| Literature DB >> 34307960 |
Abstract
PURPOSE: We present a novel case of a neurotrophic keratopathy associated inflammatory hypopyon that resolved after initiation of therapy with cenegermin (Oxervate; Dompe, Milan, Italy), a recombinant human nerve growth factor (rhNGF). This finding illustrates the potential of cenegermin in advanced inflammatory neurotrophic disease. OBSERVATIONS: A 60-year-old female with a history of herpes zoster keratitis was evaluated in our clinic for stage 2 neurotrophic keratopathy. One month later, she presented emergently with a large epithelial defect, infiltrate, and hypopyon. Three separate sets of corneal cultures returned negative. She was treated with oral antivirals and aggressive topical antibiotics with no clinical improvement. Given the presumed diagnosis of stage 3 neurotrophic keratopathy with a sterile hypopyon, she was started on cenegermin 6 times daily for 8 weeks in the absence of a corticosteroid. By 2 weeks after starting cenegermin, the epithelial defect, infiltrate, and hypopyon sizes had improved. Within 4 weeks of starting cenegermin, the hypopyon had clinically resolved. The patient was subsequently started on topical corticosteroid drops for the last 4 weeks of cenegermin therapy. Examination at the conclusion of 8 weeks of cenegermin treatment revealed a closed epithelium and minimal scar. Best-corrected visual acuity with contact lens overrefraction was 20/70. Over the course of 7 months of continued follow-up, the cornea remained epithelialized without recurrent corneal infiltration or hypopyon.

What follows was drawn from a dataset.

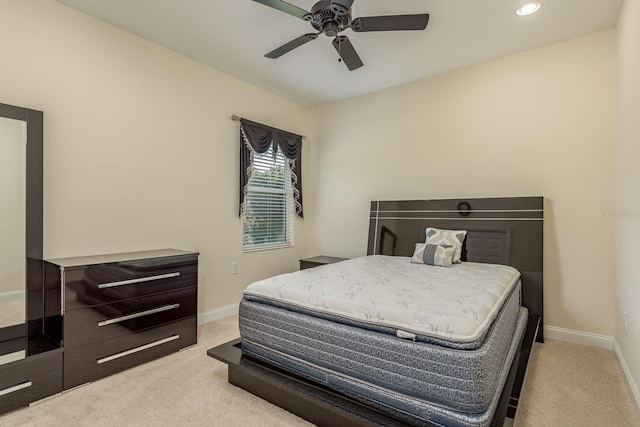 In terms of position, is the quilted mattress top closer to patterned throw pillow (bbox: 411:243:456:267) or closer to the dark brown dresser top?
patterned throw pillow (bbox: 411:243:456:267)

CONCLUSIONS AND IMPORTANCE: While cenegermin has been previously shown to be an effective treatment for neurotrophic keratopathy associated epithelial defects, resolution of a neurotrophic keratopathy associated inflammatory hypopyon with cenegermin is novel.Entities:
Keywords: Cenegermin; Hypopyon; Neurotrophic keratopathy
Year: 2021 PMID: 34307960 PMCID: PMC8296075 DOI: 10.1016/j.ajoc.2021.101113
Source DB: PubMed Journal: Am J Ophthalmol Case Rep ISSN: 2451-9936
Fig. 1Photograph of the right eye demonstrating large epithelial defect with underlying infiltrate and hypopyon. Two additional pinpoint infiltrates are present adjacent to the nasal limbus.
Fig. 2After 4 weeks of treatment with cenegermin, the infiltrate was less than half of its original size and hypopyon was no longer clinically visible.
Fig. 3After 8 weeks of treatment with cenegermin, a small scar was present. Best-corrected visual acuity with hard contact lens overrefraction was 20/70.